Another over-long, self-aggrandizing paean to itself is over, and today we're blearily cleaning up after last night's party, washing dishes still thick with themed leftovers (12 Years a Beer, Filotomena, Star Trek into Meatloaf), wondering what actually happened. And why.
More people thanked God than usual, Lupita Nyong'o gave the speech of the night, and Ellen broke Twitter. Let's get to the surprises:
Ellen Was Okay!
I was skeptical that Ellen's brand of humor would translate well to the Oscars broadcast, but my stance softened within minutes of her opening speech. She got big bonus points for avoiding the awkward, brutally unfunny opening montage (remember Billy Crystal in blackface?) and generally kept things moving along at a decent clip (a la very few Oscar hosts). But she flubbed introductions, occasionally seemed lost when jokes fell flat, and didn't mind pandering for Samsung (even if she redeemed the shoehorned product placement by briefly shutting down Twitter with the most celebrities ever fit into a "selfie").
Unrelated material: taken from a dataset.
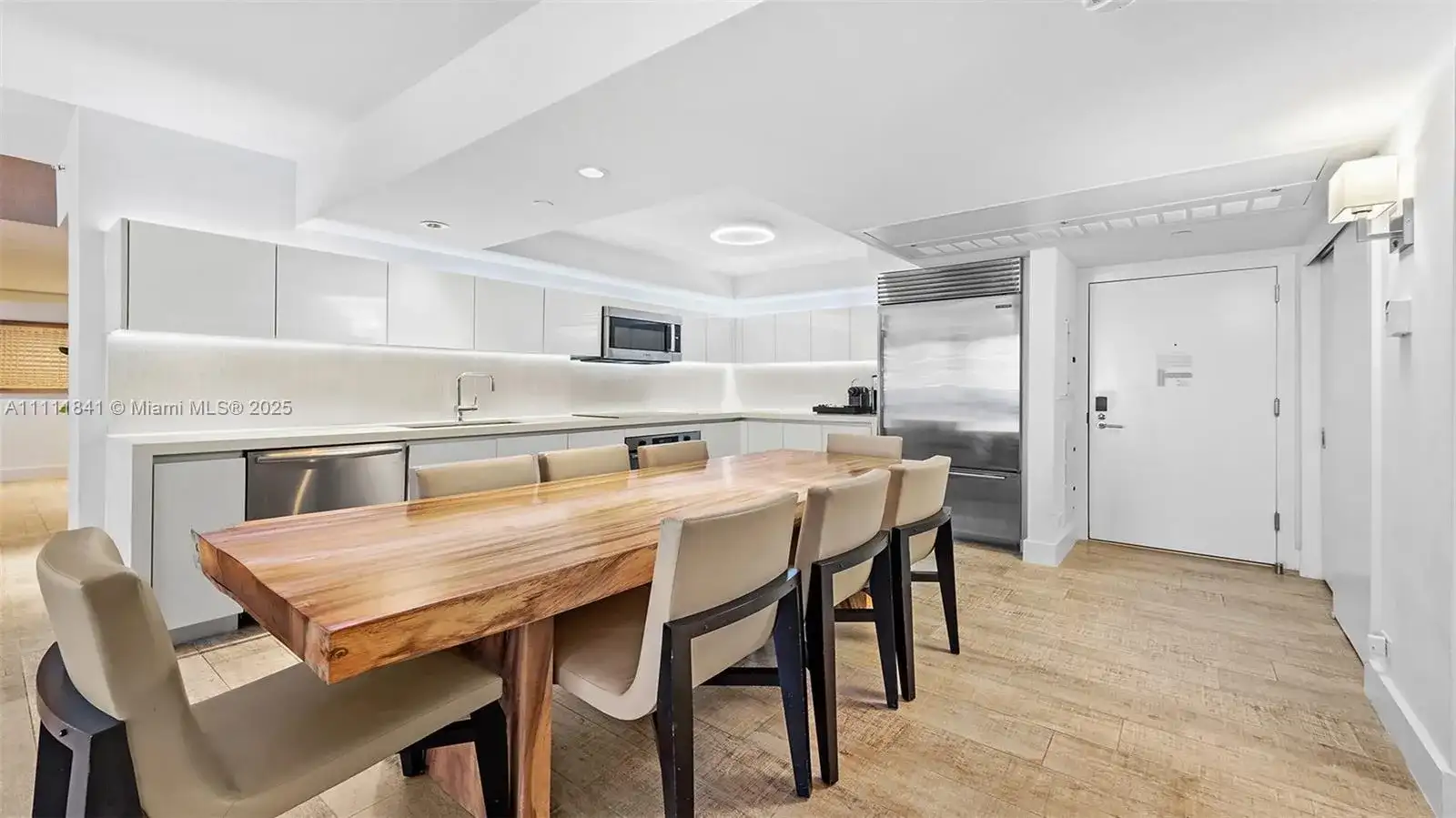102 24th St # 904, Miami Beach FL 33139 photo 4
There Weren't Many Surprises
Probably I'm cheating my own system here, but I came in expecting to be wrong in more of my major award predictions. I half-expected Gravity to come from behind while 12 Years a Slave and American Hustle battled for Best Picture votes -- especially given reports that some older Academy voters refused to see 12 Years due to its graphic violence and uncomfortable subject. Thankfully, that either wasn't the case, or it wasn't enough to dislodge Steve McQueen's excellent biopic from the top slot.
Steve McQueen Can Really Jump
Pure joy can make a man reach incredible heights, apparently, as the director of 12 Years a Slave leaped on stage when Best Picture was announced. Huge kudos to the director for winning. I was rooting for this one, since I actually had the guts to see it.
20 Feet from Stardom
The pundits seemed to think Best Documentary was either going to Netflix's first-ever nomination, The Square" or my own pick, Joshua Oppenheimer's brilliant, weird, and uncomfortable The Act of Killing. But 20 Feet prevailed -- somebody up there loves Darlene Love!
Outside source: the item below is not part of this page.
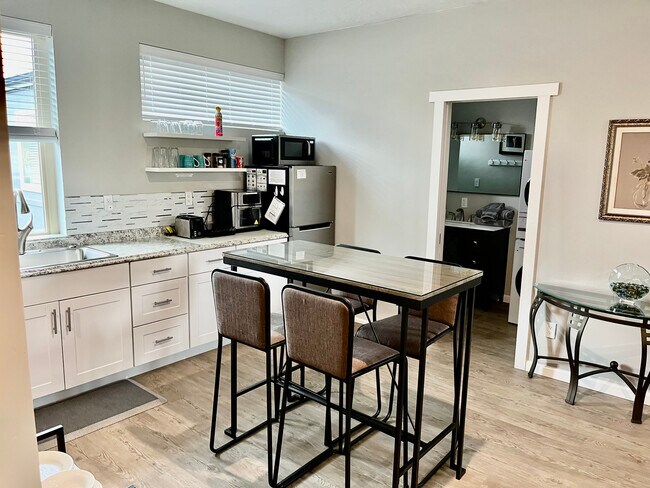 Foto del edificio - 241 E 36th St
The Divine Miss M looked and sounded great, but why oh why would they ruin an otherwise solid "In Memoriam" tribute by following it with Bette belting "Wind Beneath My Wings," backed by those '80s synthesizers? It went from tasteful to schmaltz in seconds.
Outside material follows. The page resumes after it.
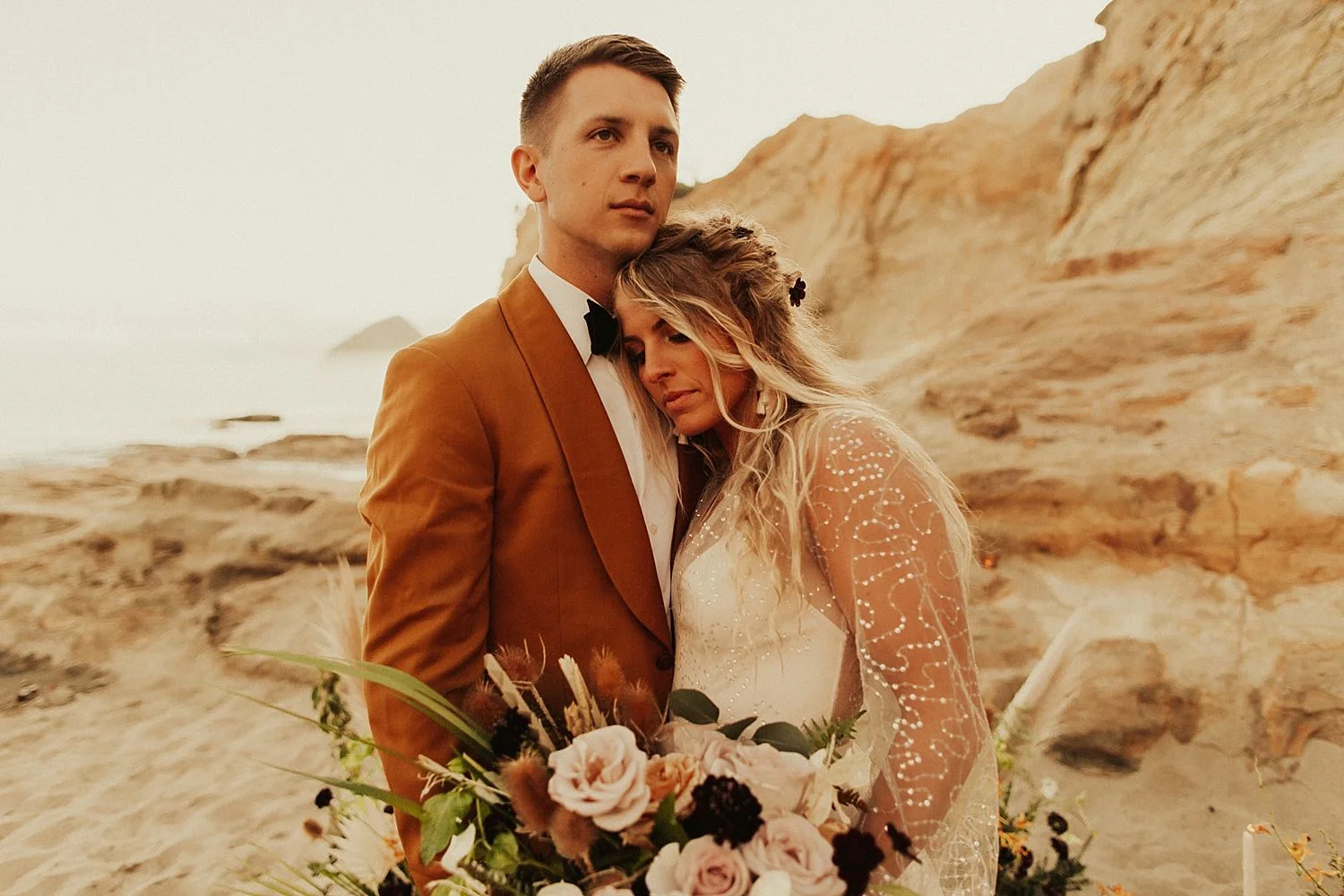 oregon-coast-beach-elopement_4117.jpg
3 1/2 Hours Is Too Damn Much
After the 82nd montage of cartoon characters (and why the hell were they almost all men?!?), I was ready to kick everyone out of our Oscars party to burn down my house in frustration. Last night's so-called theme -- "heroes" -- was incredibly vague and completely extraneous. Why not make the theme "The Oscars"? The Academy should lose all of these montages (with the exception of "In Memoriam") -- that'll save at least 20 minutes. I won't hold my breath on this recommendation, however -- more filler means more sellable commercial time. I may sound cynical, but friends, I speak the truth.
The Red Carpet
Look, I recognize I'm not the target audience for this excruciating pre-game exercise. I get that many people find it important, even vital to learn which celebrity is "wearing" which designer. But does it have to be so self-satisfied, so false? It's downright bizarre when a celebrity puts on the "regular person" act one moment, and the next moment, she's telling Ryan Seacrest about wearing an Atelier Versace diamond-studded dress. Something about that collision of pretension and preening seems so forced. I tried to watch this year, but would have needed six martinis to make it through without stabbing myself in the eyes. And I need to see to do my job.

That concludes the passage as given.